* [TASK PROMPT] The span to copy runs from the line containing "this 1250×700 image." to the last line below. Copy it exactly, with nothing else.

** Opening RECORD EXTRACTS block **

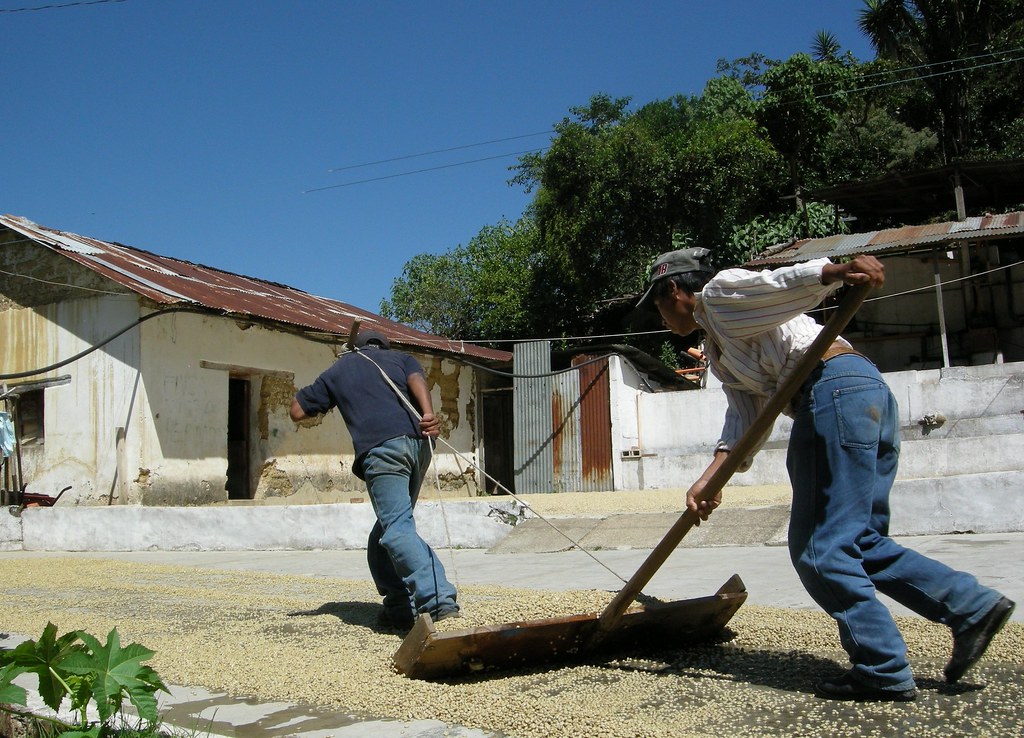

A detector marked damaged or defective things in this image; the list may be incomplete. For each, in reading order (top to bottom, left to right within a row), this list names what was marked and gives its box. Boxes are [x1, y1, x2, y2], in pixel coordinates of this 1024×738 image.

rusty metal roof panel [0, 212, 512, 362]
rusty metal roof panel [749, 208, 1024, 264]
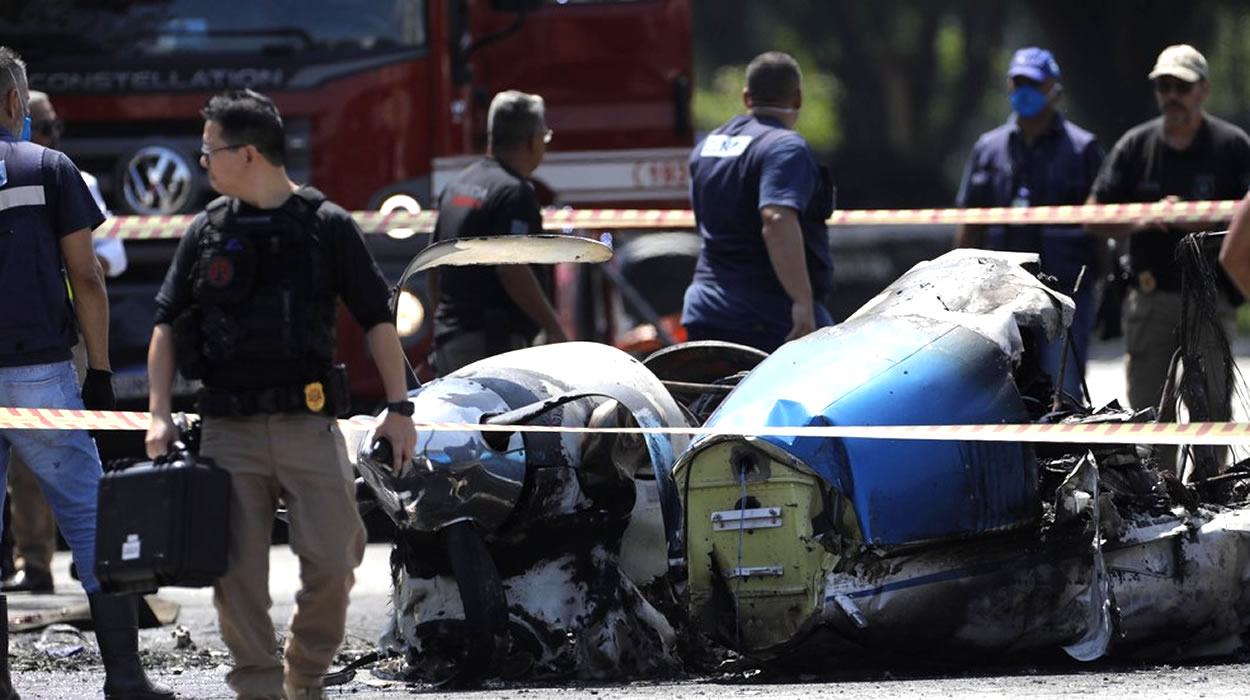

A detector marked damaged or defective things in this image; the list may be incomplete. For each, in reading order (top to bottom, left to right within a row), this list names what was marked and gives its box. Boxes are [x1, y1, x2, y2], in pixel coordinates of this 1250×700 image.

burned fuselage [348, 344, 692, 684]
charred wreckage [314, 235, 1250, 684]
burned fuselage [676, 250, 1248, 668]
crashed aircraft [676, 247, 1250, 668]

** Closing RECORD EXTRACTS block **

* [EXERCISE OUTPUT]
A detector marked damaged or defective things in this image; the list may be incomplete. For each, in reading order (top to bottom, left to right within a row), this list names what was marked and gives its box. Boxes are [x1, y1, x2, y2], in pixel coordinates of this 1250×700 image.

burned fuselage [348, 344, 692, 684]
charred wreckage [314, 235, 1250, 684]
burned fuselage [676, 250, 1248, 668]
crashed aircraft [676, 247, 1250, 668]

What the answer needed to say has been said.